[ACTION ITEM] In the material below, find the line with "Schiesser Damen Schlafanzug" and the line with "Floral Beadwork Six", then output those two lines and every line between them, exactly.

[THE RECORDS]
****

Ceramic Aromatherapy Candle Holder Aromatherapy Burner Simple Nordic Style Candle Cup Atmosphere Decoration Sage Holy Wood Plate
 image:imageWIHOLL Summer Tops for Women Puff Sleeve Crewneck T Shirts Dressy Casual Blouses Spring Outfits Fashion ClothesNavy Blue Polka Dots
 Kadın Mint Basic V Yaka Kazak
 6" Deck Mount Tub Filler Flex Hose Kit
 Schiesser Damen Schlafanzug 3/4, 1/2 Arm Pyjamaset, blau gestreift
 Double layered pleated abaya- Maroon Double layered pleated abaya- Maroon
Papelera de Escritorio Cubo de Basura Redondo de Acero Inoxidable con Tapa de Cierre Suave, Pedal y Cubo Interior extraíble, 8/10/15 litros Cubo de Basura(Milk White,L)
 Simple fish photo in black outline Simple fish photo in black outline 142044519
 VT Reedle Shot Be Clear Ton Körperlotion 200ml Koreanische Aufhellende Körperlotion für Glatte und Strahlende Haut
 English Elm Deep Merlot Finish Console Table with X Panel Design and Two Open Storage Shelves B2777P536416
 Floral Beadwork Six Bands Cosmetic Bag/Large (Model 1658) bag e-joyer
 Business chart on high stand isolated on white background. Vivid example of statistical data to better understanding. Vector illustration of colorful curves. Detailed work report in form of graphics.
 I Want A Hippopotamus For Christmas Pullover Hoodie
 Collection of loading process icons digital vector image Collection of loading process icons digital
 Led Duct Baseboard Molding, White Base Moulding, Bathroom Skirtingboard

****

[TASK RESPONSE]
 Schiesser Damen Schlafanzug 3/4, 1/2 Arm Pyjamaset, blau gestreift
 Double layered pleated abaya- Maroon Double layered pleated abaya- Maroon
Papelera de Escritorio Cubo de Basura Redondo de Acero Inoxidable con Tapa de Cierre Suave, Pedal y Cubo Interior extraíble, 8/10/15 litros Cubo de Basura(Milk White,L)
 Simple fish photo in black outline Simple fish photo in black outline 142044519
 VT Reedle Shot Be Clear Ton Körperlotion 200ml Koreanische Aufhellende Körperlotion für Glatte und Strahlende Haut
 English Elm Deep Merlot Finish Console Table with X Panel Design and Two Open Storage Shelves B2777P536416
 Floral Beadwork Six Bands Cosmetic Bag/Large (Model 1658) bag e-joyer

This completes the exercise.